The mother had a somewhat black-and-white “my approach” style however was an impressive witness as was the father.
As to the property issues.
The parties agreed that during the marriage they equally contributed to their assets. The two issues for determination were:
a)Assessing the current value of the husband’s initial superior contribution to the current assets of the marriage; and
b)Whether there ought be an adjustment to either parties contribution based entitlement having regard to their needs if any under section 75(2) of the Act.
The husband said his income will remain the same for at least the next two years and his prospects are good. The father earns a high income and has his expenses of nearly $1000 a week paid to him for travel, accommodation and meals which is related to the travel he does for his work.
Neither party sought a superannuation splitting order. The father was able to add well over $100,000 from his own income to his superannuation since separation and has been seeking advice regarding his retirement options. He accepted the wife was unable to make the same level of contributions to her superannuation since separation as he has done.
The father contended for a two pool approach. That is, I look at the superannuation and the liquid assets separately. The bulk of the liquid assets consists of the equity in the former matrimonial home.
The mother sought a one pool approach. I prefer a one pool approach in this matter for the following.
The husband is soon to retire and he has the bulk of the superannuation in his name and it will very shortly become liquid. He wishes to retain his superannuation, and neither he nor the wife seeks a super splitting order.
The superannuation of the husband significantly increased from its initial value at cohabitation approaching $12,000 to now $312,582.
At separation in 2008 his superannuation was $182,000 and the husband has been able to contribute from his income $100,000 to his super in three years. Thus there is a significant increase in its value during the relationship and since separation.
The wife’s increase in her superannuation was more modest. At cohabitation she had some $27,000 and now has $98,465.
I find the one pool approach to be preferred given the age of the parties, given the approaching retirement for the husband, the value of their respective superannuation, the value of the other assets and the husband’s superior income earning capacity to that of the wife at 4.5 times her gross income a week.
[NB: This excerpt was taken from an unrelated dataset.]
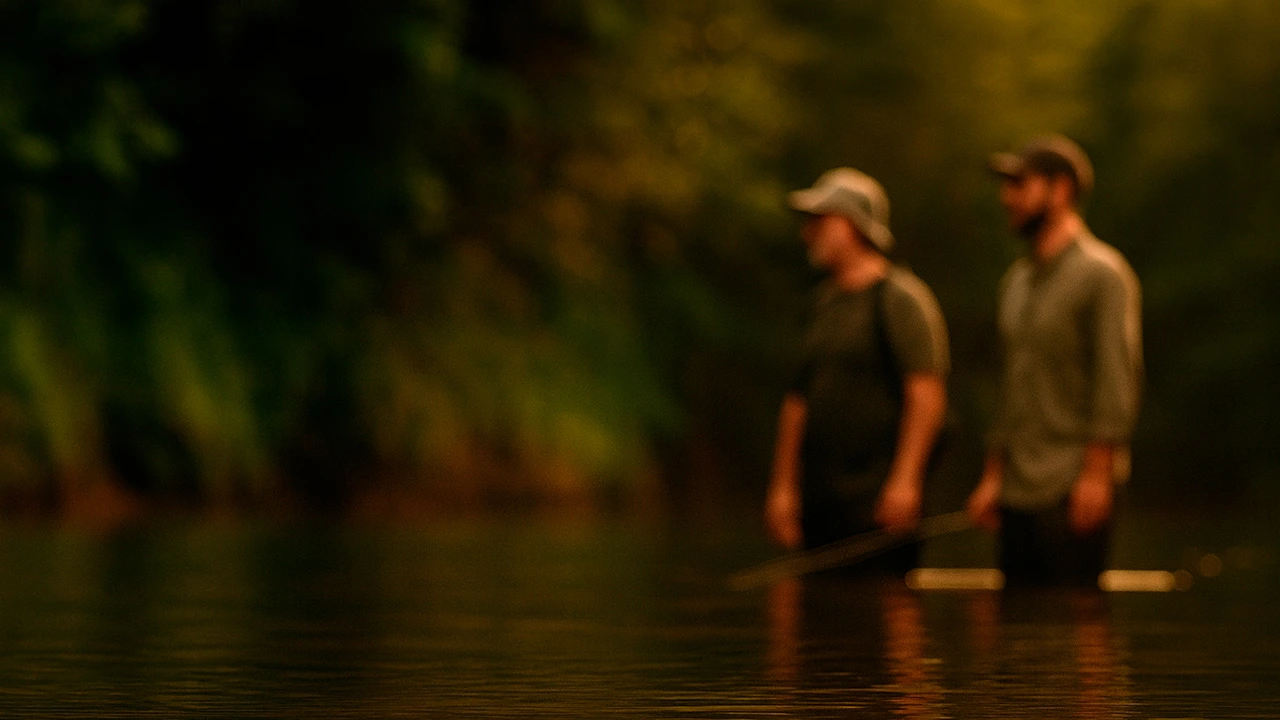Instructor y pescador a mosca difuminados al fondo de un río del norte de España, observando la corriente y preparándose para lanzar, en una escena cálida de tarde.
The assets and liabilities are as follows:
ASSETS Property at [M]
$1,150,000
Husband’s company, [omitted] Pty Ltd
$17,899
Husband’s car
$20,390
Husband’s NAB account $142
Wife’s ANZ personal bank account
$1,054 Wife’s business account with ANZ
$4082
Wife’s accounts with [A] Netherlands
$350
Wife’s Mazda car
$13,450
Husband’s furniture
$2,000
Wife’s furniture
$5,000
Add back to wife of moneys drawn at separation $19,731 and additional paid legal costs of $10,607
$30,338
Add back for husband’s legal costs
$36, 252
TOTAL $1,280,957 LIABILITIES Mortgage
$483,425
Agreed costs of sale
$15,000
Line of credit NAB
$19,731
TOTAL
$518,156
NET TOTAL $762,801 SUPERANNUATION Wife’s superannuation
$98,465
Husband’s superannuation
$312,582
TOTAL $411,047 NET ASSET POOL (Net total plus superannuation) $1,173,848
The net pool including superannuation is $1,173,848.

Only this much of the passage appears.